2020.8.29
■地方創生を成功させるには熱意や意欲を持つ「人材」が鍵である
前ブログ2つで地方創生のための「まち・ひと・しごと創生総合戦略」の概要について説明しました。終了した第1期で掲げた東京圏への人口流入抑制目標は未達に終わり、その反省に基づいて第2期の総合戦略が制定されました(2019.12)。基本は第1期の継続ですが、「多様な人材の活用」という新たな項目が追加されたことは注目に値することを述べました。
こうした政府施策の施行について最初に指摘しておきたいことは、真に大切と考えられる施策も政府の後押しだけでは成果が出ない場合が多いということです。施策の実現に当たっては、産学官連携によるプロジェクト構築、計画に沿った予算投入などが鍵となりますが、それだけでは施策の実現、つまり社会実装は容易に進まないのです。第1期の5年間を振り替えてみて、多様で豊富な施策パッケージの投入でも前述したように目標にはほど遠い結果です。政府の助成事業で上手くいかなかったプロジェクトの例はいくつもあげることができます。例えば、行政の効率化を目指した電子政府(e-Japan)は今から20年も前に打ち出された政策です。今回の新型感染症対策の一環である各種給付金や助成金の支給が遅れに遅れた原因は、行政のデジタル化の貧弱さに一因があることが露呈しました。政府の掲げる政策の社会実装がいかにむずかしいかが如実に表れています。

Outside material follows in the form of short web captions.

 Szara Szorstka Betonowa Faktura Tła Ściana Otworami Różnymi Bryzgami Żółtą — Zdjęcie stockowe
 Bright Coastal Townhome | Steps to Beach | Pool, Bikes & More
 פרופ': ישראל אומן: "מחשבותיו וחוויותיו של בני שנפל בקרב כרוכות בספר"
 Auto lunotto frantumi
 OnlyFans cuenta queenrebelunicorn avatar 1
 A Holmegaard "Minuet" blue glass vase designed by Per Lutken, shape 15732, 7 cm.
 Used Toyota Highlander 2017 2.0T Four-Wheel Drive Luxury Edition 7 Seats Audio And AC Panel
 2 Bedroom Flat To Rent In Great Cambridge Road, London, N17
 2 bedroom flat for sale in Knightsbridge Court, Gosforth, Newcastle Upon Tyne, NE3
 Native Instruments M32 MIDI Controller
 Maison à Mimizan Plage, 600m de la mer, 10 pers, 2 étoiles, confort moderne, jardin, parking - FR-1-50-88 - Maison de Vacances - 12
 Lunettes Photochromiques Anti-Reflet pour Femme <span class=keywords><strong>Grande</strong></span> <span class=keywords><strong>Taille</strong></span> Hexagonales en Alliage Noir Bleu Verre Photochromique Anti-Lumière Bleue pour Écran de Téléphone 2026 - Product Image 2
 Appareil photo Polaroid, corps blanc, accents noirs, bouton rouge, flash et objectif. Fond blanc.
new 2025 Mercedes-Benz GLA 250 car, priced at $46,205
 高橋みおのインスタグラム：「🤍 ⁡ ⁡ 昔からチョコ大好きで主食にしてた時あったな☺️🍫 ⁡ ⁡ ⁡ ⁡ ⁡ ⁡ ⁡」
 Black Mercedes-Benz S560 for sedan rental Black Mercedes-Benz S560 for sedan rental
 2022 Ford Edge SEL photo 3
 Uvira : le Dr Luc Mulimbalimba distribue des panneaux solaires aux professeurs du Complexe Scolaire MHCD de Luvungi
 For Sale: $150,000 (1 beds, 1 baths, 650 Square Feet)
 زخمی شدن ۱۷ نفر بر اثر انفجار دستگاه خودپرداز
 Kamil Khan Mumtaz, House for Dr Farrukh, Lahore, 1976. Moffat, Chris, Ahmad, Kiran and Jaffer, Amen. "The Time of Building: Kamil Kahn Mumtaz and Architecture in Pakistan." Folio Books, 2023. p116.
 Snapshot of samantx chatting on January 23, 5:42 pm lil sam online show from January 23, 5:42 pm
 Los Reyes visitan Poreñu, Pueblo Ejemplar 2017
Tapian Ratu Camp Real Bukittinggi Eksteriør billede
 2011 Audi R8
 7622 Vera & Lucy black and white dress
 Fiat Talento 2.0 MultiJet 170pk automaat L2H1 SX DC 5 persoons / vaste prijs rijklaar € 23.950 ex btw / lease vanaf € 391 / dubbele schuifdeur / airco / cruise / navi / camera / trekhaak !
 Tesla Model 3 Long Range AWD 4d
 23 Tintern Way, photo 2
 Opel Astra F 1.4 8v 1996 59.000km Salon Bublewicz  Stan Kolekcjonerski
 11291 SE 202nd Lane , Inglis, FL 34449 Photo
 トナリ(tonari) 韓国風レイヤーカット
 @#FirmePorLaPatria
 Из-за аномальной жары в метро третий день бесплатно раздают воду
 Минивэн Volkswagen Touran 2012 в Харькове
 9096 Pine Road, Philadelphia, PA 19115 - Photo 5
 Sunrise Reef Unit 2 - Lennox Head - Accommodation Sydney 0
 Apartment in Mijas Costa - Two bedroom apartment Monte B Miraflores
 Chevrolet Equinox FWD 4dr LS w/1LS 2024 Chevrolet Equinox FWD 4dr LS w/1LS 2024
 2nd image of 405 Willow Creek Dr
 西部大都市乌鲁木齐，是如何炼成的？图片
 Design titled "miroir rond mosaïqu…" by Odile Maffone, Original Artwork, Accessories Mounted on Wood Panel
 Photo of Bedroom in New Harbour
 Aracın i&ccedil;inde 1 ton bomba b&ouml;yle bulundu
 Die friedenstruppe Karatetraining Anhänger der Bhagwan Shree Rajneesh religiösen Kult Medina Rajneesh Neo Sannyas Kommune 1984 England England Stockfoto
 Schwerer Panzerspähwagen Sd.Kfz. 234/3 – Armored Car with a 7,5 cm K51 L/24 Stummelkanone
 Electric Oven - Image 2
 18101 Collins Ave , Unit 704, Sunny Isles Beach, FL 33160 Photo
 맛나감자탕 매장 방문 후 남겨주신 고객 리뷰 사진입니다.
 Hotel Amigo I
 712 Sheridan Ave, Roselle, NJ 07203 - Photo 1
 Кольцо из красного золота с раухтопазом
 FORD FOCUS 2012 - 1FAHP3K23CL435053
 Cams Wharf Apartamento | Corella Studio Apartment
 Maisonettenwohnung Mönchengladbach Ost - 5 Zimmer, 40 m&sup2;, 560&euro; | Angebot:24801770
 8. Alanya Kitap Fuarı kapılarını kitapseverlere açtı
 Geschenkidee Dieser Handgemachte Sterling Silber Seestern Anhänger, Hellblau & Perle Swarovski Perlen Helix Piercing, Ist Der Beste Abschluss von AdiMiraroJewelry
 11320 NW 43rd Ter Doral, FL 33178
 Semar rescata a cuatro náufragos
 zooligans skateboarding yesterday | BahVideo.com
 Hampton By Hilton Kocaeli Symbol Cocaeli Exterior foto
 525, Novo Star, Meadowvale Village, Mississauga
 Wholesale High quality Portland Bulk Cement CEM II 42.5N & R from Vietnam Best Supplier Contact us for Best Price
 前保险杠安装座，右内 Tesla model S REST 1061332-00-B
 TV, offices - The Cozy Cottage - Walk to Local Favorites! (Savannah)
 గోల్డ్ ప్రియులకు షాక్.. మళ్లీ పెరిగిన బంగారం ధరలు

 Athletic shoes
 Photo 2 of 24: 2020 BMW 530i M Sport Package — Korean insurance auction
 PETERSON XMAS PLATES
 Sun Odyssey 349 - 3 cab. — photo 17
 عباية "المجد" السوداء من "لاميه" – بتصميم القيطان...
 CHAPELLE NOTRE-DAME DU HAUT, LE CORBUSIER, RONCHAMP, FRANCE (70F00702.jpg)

そうした社会実装の困難さの原因はいくつか考えられますが、筆者は「施策目標や利益が適用先のステークホルダー(利害関係者、ここでは地方の住民)に共有されていないこと、あるいは施策に至る真のニーズやウォンツがステークホルダーのもつ本来のものと遊離していること」ではないかと推察しています。もう一つは、施策を社会実装する役割を担う人材の熱意や前向きな姿勢の不足があるのではないかと考えます。いずれにしても、施策に係る人、施策結果を受け取る人の問題であり、「横断的な追加目標」に掲げる「人材」に依存していると言えるでしょう。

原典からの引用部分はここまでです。